The proposals leave a number of questions unanswered, said a GPS industry executive. Although the filing is “constructive,” a lot is left out, the executive said. It’s not exactly clear what would happen to the installed base of precision GPS receivers, the executive said. While LightSquared said it would retrofit those receivers with filters, some can’t be retrofitted and no actual filter yet exists, said the executive. Does that mean LightSquared plans to pay for the retrofitting, the executive asked: Also unclear is how this change would affect the government’s use of GPS.
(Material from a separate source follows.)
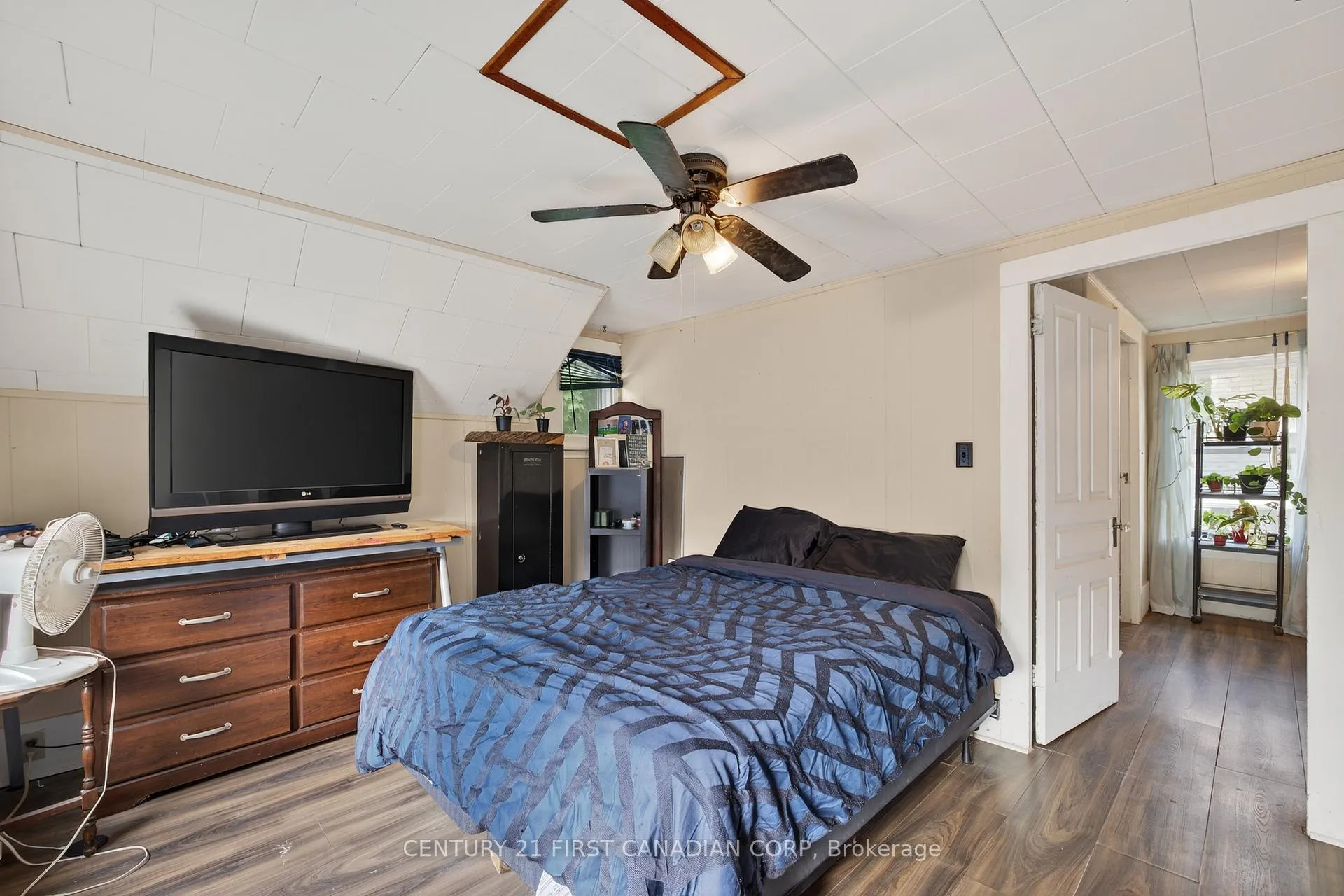 Photo 25 of 247 Ridout Street, West Elgin, Rodney — HOMEH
Meanwhile, Senate Judiciary Committee Chairman Chuck Grassley, R-Iowa, continued in a letter to FCC Chairman Julius Genachowski Thursday to push the agency to provide information on the waiver granted to LightSquared that would allow it to offer terrestrial-only service. Grassley, who has asked for the communications leading up to the waiver-grant among the commission, the White House and LightSquared parent company Harbinger Capital Partners, was recently rebuffed by Genachowski. Genachowski said the agency only adheres to document requests from members of Congress that chair committees with jurisdiction over the agency (CD July 28 p9).

Grassley said he’s disappointed the FCC refuses information requests from the 533 congressional members -- 99.6 percent of the elected representatives -- that don’t chair the Commerce Committees. The commission didn’t cite “actual legal authority” and “it is unprofessional, unreasonable, and downright odd for the FCC to demand compulsory process before providing what it would be obligated to produce under [the Freedom of Information Act] and what it should produce for the sake of transparency and accountability,” he said. Grassley also asked for additional information on communications between the FCC and other government agencies over the waiver requests, names of the FCC employees who worked on the waiver and any GPS interference data reviewed before the waiver was given.